According to another aspect of the invention, the peristaltic
device comprises a housing having a wall formed from an acrylic
resin against which the resilient conduit lies. The movable
contacting means compresses the resilient conduit against the wall
of the housing substantially to separate the coating material
carried thereby into slugs.
According to yet another aspect of the invention, the resilient
conduit is formed from a first inner layer having a first hardness
and a second outer layer having a second hardness relatively less
than the first hardness.
According to a further aspect of the invention, the means for
coupling the dispenser to the source of coating material further
comprises a length of compliant conduit coupled between the
peristaltic device and the dispenser and a variable flow restrictor
for controlling the back pressure in the length of compliant
conduit.
Illustratively according to the invention, the length of resilient
conduit is formed into multiple loops of resilient conduit, the
first location being in the or a first loop of the resilient
conduit, and the second location being in a subsequent loop of the
resilient conduit.
Further, illustratively, the wall of the housing is generally right
circular cylindrical in configuration and the resilient conduit
lies generally within the right circular cylinder formed by the
wall.
The invention may be best understood by referring to the following
description and accompanying drawings which illustrate the
invention. In the drawings:
FIG. 1 illustrates a diagrammatic side elevational view of a system
including a peristaltic voltage block according to the present
invention;
FIG. 2 illustrates a top plan view of a peristaltic voltage block
constructed according to the present invention;
FIG. 3 illustrates a fragmentary sectional view, taken generally
along section lines 3--3 of FIG. 2;
FIG. 4 illustrates a perspective view of a combination piston and
cradle formed to support a contactor according to the embodiment of
the invention illustrated in FIGS. 2-3; and,
FIGS. 5a-b illustrate fragmentary sectional views along section
lines 5a--5a and 5b--5b, respectively of FIG. 2.

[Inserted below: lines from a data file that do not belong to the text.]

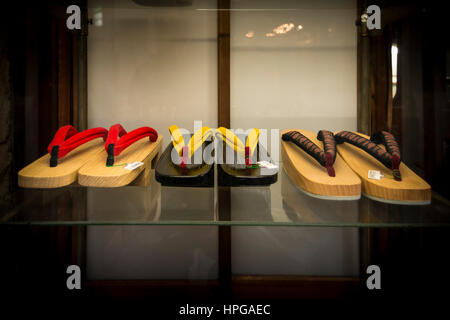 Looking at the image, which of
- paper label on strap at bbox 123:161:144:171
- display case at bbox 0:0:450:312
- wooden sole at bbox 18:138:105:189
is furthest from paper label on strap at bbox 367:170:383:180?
wooden sole at bbox 18:138:105:189

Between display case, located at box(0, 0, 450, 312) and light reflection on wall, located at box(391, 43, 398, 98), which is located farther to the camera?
light reflection on wall, located at box(391, 43, 398, 98)

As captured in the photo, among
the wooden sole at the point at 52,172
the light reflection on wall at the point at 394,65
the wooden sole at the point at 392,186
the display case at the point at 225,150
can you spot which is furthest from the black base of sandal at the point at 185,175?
the light reflection on wall at the point at 394,65

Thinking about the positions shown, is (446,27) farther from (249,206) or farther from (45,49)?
(45,49)

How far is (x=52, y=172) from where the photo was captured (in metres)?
0.52

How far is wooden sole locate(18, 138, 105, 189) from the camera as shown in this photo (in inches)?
19.5

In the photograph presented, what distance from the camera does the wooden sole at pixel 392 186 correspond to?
0.47 meters

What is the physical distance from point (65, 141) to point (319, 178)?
48 centimetres

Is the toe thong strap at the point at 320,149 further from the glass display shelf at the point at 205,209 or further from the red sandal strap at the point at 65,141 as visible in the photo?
the red sandal strap at the point at 65,141

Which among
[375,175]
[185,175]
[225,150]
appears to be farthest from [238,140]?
[375,175]

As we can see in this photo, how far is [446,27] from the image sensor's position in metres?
0.49

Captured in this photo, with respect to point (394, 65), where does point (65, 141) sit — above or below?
below

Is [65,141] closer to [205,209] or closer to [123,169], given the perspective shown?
[123,169]

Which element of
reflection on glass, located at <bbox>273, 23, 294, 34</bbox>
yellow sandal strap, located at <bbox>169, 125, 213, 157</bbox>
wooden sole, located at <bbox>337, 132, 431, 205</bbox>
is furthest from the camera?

In FIG. 1, a dispensing device -0 and some of the related
electrical, liquid and pneumatic equipment for its operation are
illustrated. Dispensing device 10 is mounted from one end 12 of a
support 14, the other end 16 of which can be mounted to permit
movement of dispensing device 10 as it dispenses coating material
onto an article 18 to be coated, a "target," passing before it.
Support 14 is constructed from an electrical insulator to isolate
dispensing device 10 from ground potential.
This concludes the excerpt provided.